Amazon Is Making a Game of Warehouse Work

Amazon relies on its staff of warehouse workers to fulfill orders quickly and efficiently. In fact, the online retail giant's success is rooted in the fast shipment and distribution of goods. Notwithstanding, Amazon has a tactic to encourage warehouse workers to boost their productivity: making a game out of it.

Turning order fulfillment into a competition

Back in 2017, one Amazon warehouse started encouraging workers to participate in games designed to improve their efficiency.

The goal was to improve worker productivity by pitting employees against one another and allowing them to compete for digital rewards. Some workers agree that making a game of things can help alleviate boredom -- something that tends to crop up in warehouse environments. On the flip side, workers who are less enthused say Amazon's games could prompt employees to work too quickly for their own good, resulting in injury and a more dangerous working environment.

Inside several of Amazon’s cavernous warehouses, hundreds of employees spend hours a day playing video games. Some compete by racing virtual dragons or sports cars around a track, while others collaborate to build castles piece by piece.

But they aren’t whiling away the time by playing Fortnite and Minecraft. Rather, they’re racing to fill customer orders, their progress reflected in a video game format that is part of a program by the e-commerce giant to help reduce the tedium of its physically demanding jobs. If it helps improve the efficiency of work like plucking items from or stowing products on shelves for 10 hours a day or more, all the better.

The video games are optional for the thousands of “pickers” and “stowers” across a handful of the company’s warehouses.

Developed by Amazon, the games are displayed on small screens at employees’ workstations.
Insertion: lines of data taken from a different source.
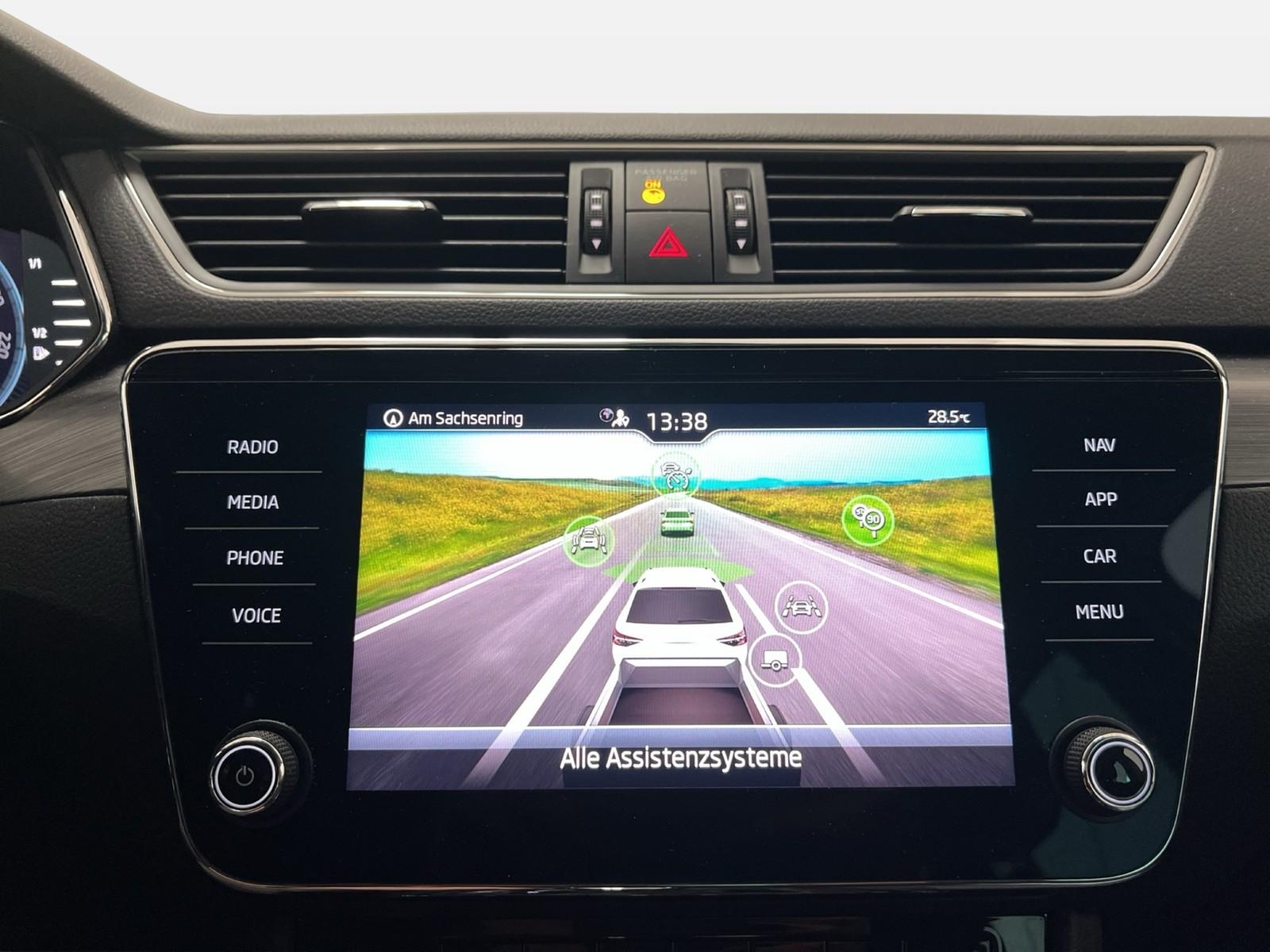 Skoda Superb Combi 2.0 TDI Style AHK RFK 19" NAVI ACC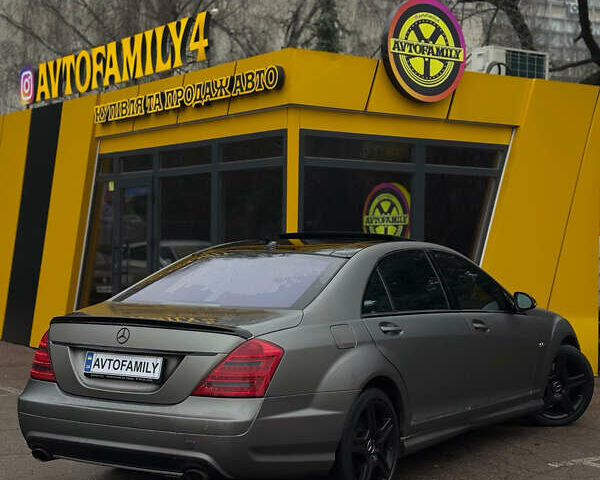 Сірий Мерседес С Клас, об'ємом двигуна 5.46 л та пробігом 314 тис. км за 8500 $, фото 4 на Automoto.ua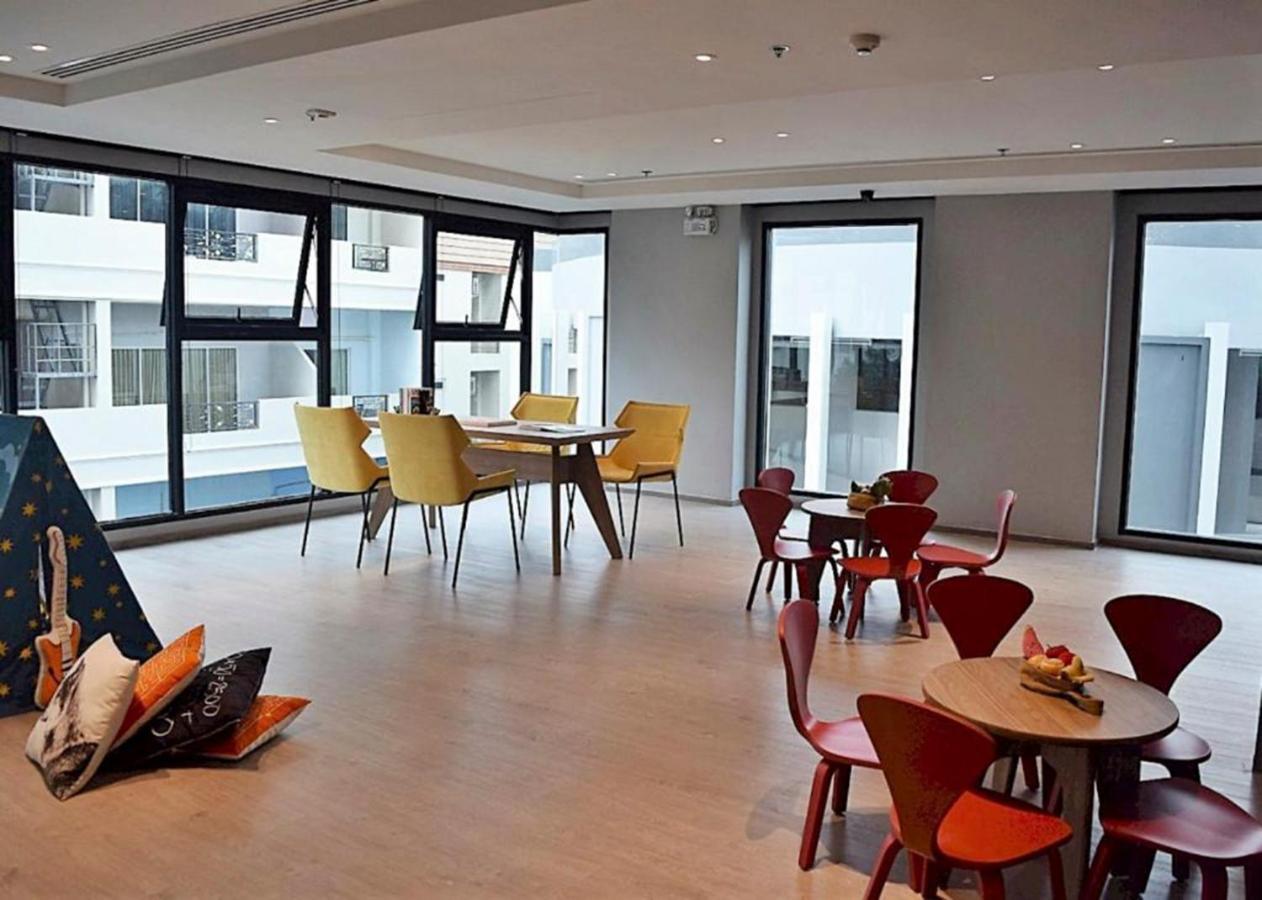 The Base Infinity Apartment Pattaya Exterior photo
As Kiva robots wheel giant shelves up to each workstation, lights or screens indicate which item the worker needs to put into a bin. The games can register the completion of the task, which is tracked by scanning devices, and can pit individuals, teams or entire floors in a race to pick or stow Lego sets, cellphone cases or dish soap, for instance. Game-playing employees are rewarded with points, virtual badges and other goodies throughout a shift.

Think Tetris, but with real boxes.

Amazon’s experiment is part of a broader industry push to "gamify” low-skill warehouse work, particularly as historically low unemployment has driven up wages and attrition. Gamification generally refers to software programs that simulate video games by offering rewards, badges or bragging rights among colleagues.

Uber and Lyft have mastered gamification in an effort to keep drivers on the road longer, generally by dangling cash rewards for completing seemingly arbitrary goals, such as 60 rides in a week or 20 more miles. The companies keep drivers engaged with meters or other gauges that are tantalizingly close to a new objective.

Target has used games to encourage cashiers to scan products more quickly, and Delta Air Lines used them to help train reservation agents, tasks that may otherwise seem rote, said Gabe Zichermann, who has consulted with companies on gamification and written three books on the topic.

Other firms award workers badges for achieving fitness goals that, over time, may reduce the employer’s health-care costs.

“This is most successful when the games are replacing tasks that are otherwise boring,” Zichermann said. “Anything to reduce the drudgery, even the smallest amount, is going to give a bump to workers’ happiness.'"

But, he said, gamification can be used to mask higher productivity goals, because the games’ algorithms are typically kept secret. In customer service jobs, for instance, gold stars awarded for resolving 20 customer concerns may over time require 22 or 25. “When [employers] want to generate more output, they can ratchet those levers,” he said. “It’s like boiling a frog. It may be imperceptible to the user.”

The thinking goes that if it feels like a game, it will feel less like work.

But the rush to gamify comes with risks, said Jane McGonigal, a video game designer who has studied workplace gamification. “Competition is only enjoyable for a short time,” she said. “As soon as workers start underperforming against their colleagues, it becomes less fun and can actually be counterproductive.”

The games are a response to worker complaints that Amazon’s push for more automation has made laborers feel like cogs in a bigger machine, as they increasingly work alongside robots.

By fostering workplace competition through games, Amazon is also slyly pushing workers to raise the stakes among themselves to pack more boxes bound for customer homes.

The company said it doesn’t monitor game results or penalize workers for not participating. However, warehouse workers are tracked carefully for speed, efficiency and other factors, and those who underperform can be fired or reassigned. If the games are helping to push workers to be more productive, it could make those who eschew them appear to be straggling.

To be clear, Amazon has said employee performance will not be measured by how well its workers do at its games. But still, implementing those competitions will no doubt put the pressure on. Furthermore, it's unclear as to what benefit workers will get by participating in the games. Amazon has said that winners will earn digital currency that can be used for virtual goods. But that doesn't translate to higher pay, better benefits, or the perks that might really motivate warehouse workers to step up their game.